Before you return the entries below, strip out the pictures and keep all else exact.

EXERCISE MATERIAL:
*** Block opens ***

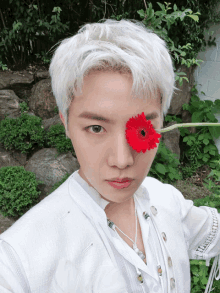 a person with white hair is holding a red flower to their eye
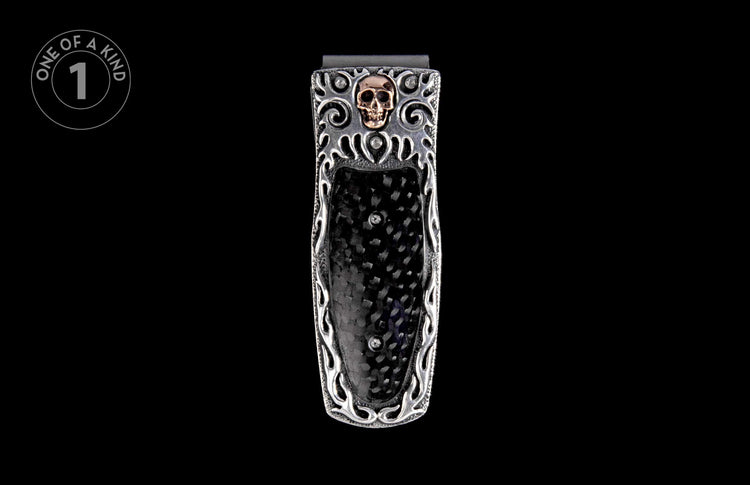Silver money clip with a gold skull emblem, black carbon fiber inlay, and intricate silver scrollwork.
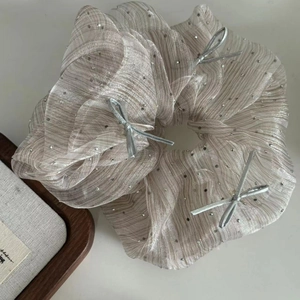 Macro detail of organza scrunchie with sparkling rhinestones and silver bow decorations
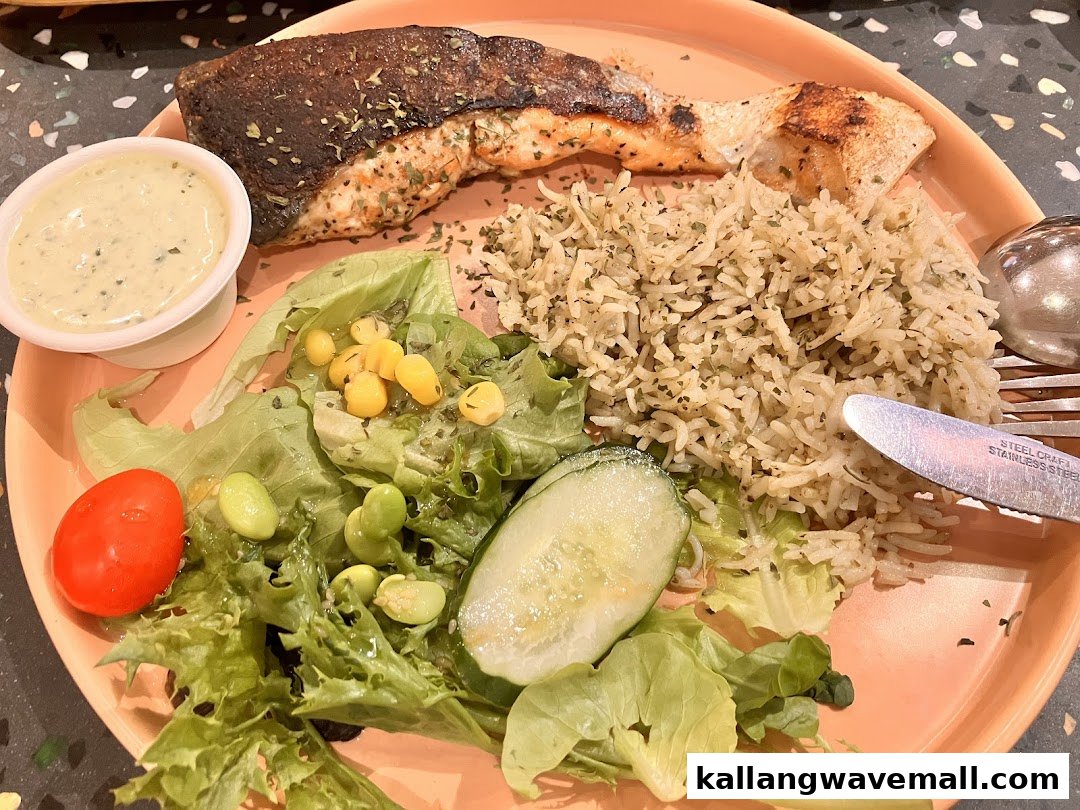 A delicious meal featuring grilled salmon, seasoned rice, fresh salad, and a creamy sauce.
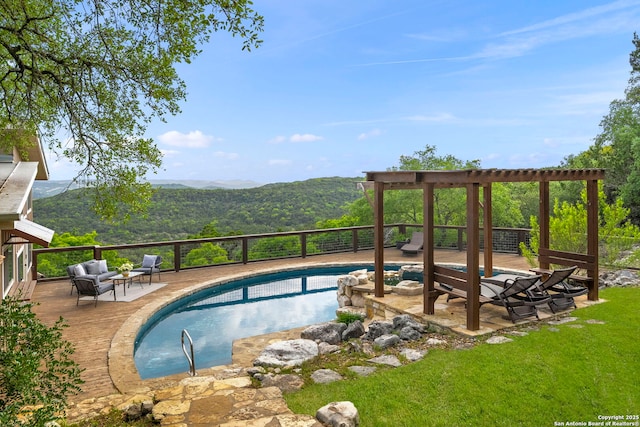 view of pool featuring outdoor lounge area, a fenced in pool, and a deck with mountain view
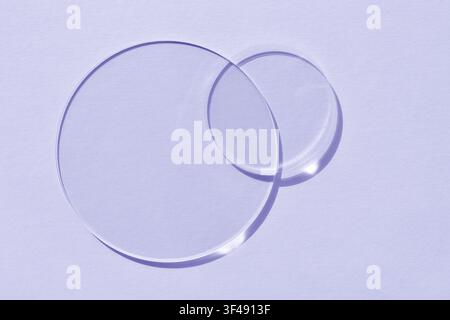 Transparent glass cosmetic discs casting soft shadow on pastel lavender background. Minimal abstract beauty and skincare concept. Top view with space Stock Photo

*** Block closes ***

EXPECTED ANSWER:
 a person with white hair is holding a red flower to their eye
Silver money clip with a gold skull emblem, black carbon fiber inlay, and intricate silver scrollwork.
 Macro detail of organza scrunchie with sparkling rhinestones and silver bow decorations
 A delicious meal featuring grilled salmon, seasoned rice, fresh salad, and a creamy sauce.
 view of pool featuring outdoor lounge area, a fenced in pool, and a deck with mountain view
 Transparent glass cosmetic discs casting soft shadow on pastel lavender background. Minimal abstract beauty and skincare concept. Top view with space Stock Photo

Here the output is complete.